▸ **REQUIRED WORK**:
Only one span is wanted from the lines below: from the one with "2005 Chevrolet Corvette" up to and including the one with "Albany, NH 03818". Copy it exactly, without images.

▸ **RECORDS FOR PROCESSING**:
◆ ◆ ◆ ◆ ◆

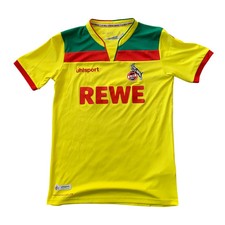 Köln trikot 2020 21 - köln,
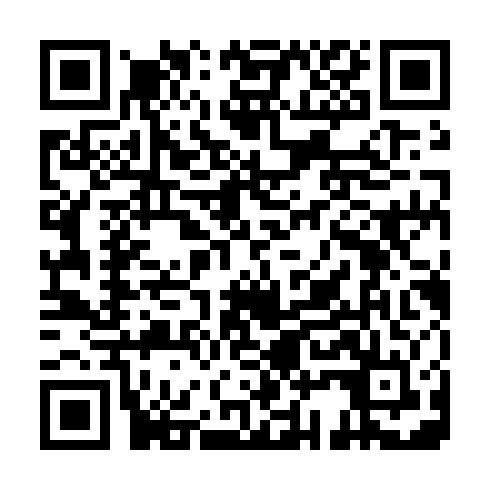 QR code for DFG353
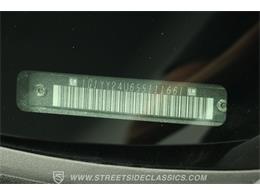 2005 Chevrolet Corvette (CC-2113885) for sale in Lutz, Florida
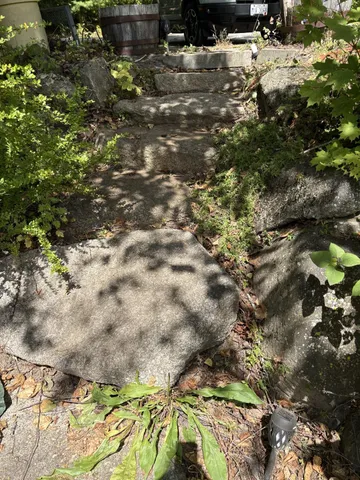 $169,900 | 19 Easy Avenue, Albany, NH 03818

◆ ◆ ◆ ◆ ◆

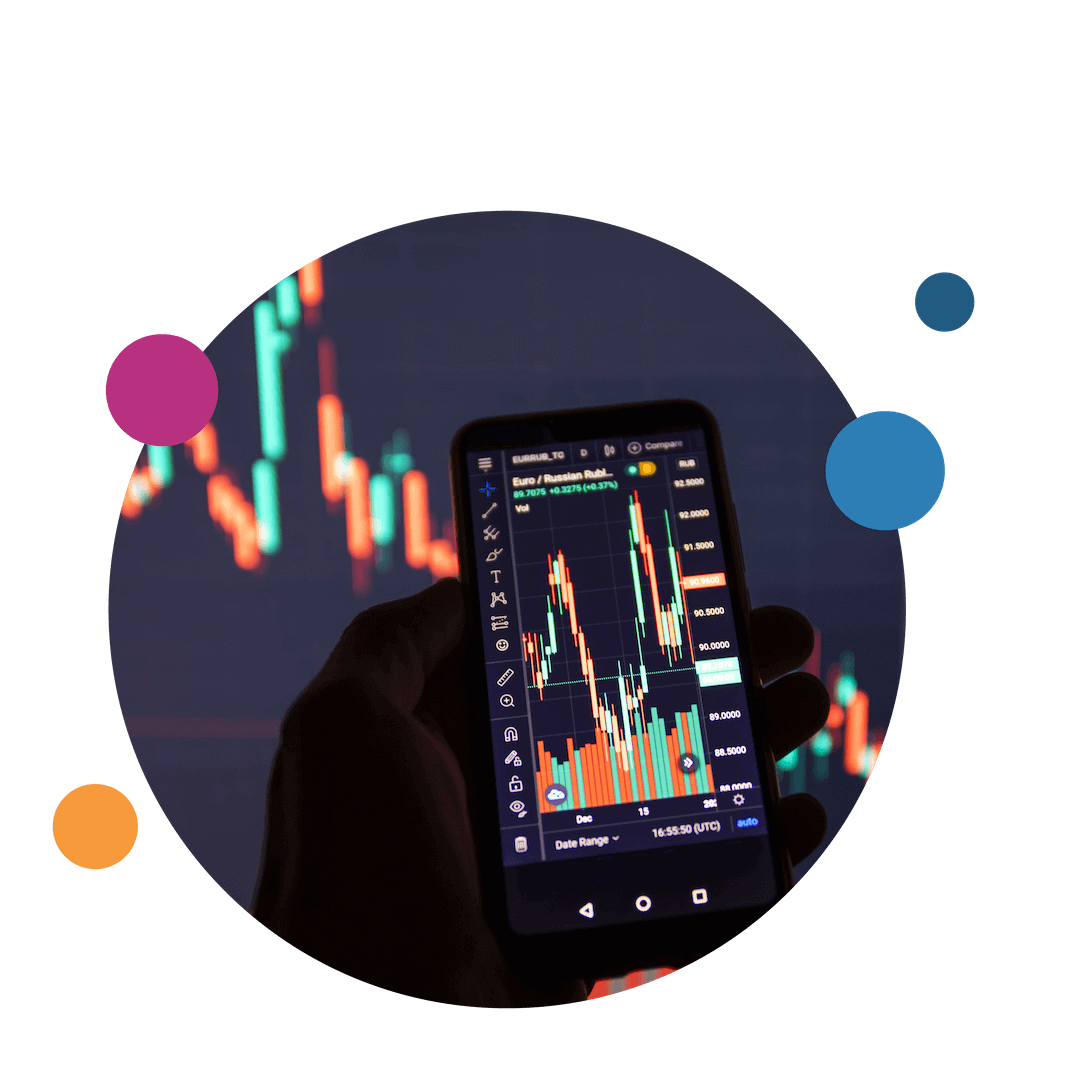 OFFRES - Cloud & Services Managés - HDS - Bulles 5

◆ ◆ ◆ ◆ ◆

▸ **EXPECTED ANSWER**:
 2005 Chevrolet Corvette (CC-2113885) for sale in Lutz, Florida
 $169,900 | 19 Easy Avenue, Albany, NH 03818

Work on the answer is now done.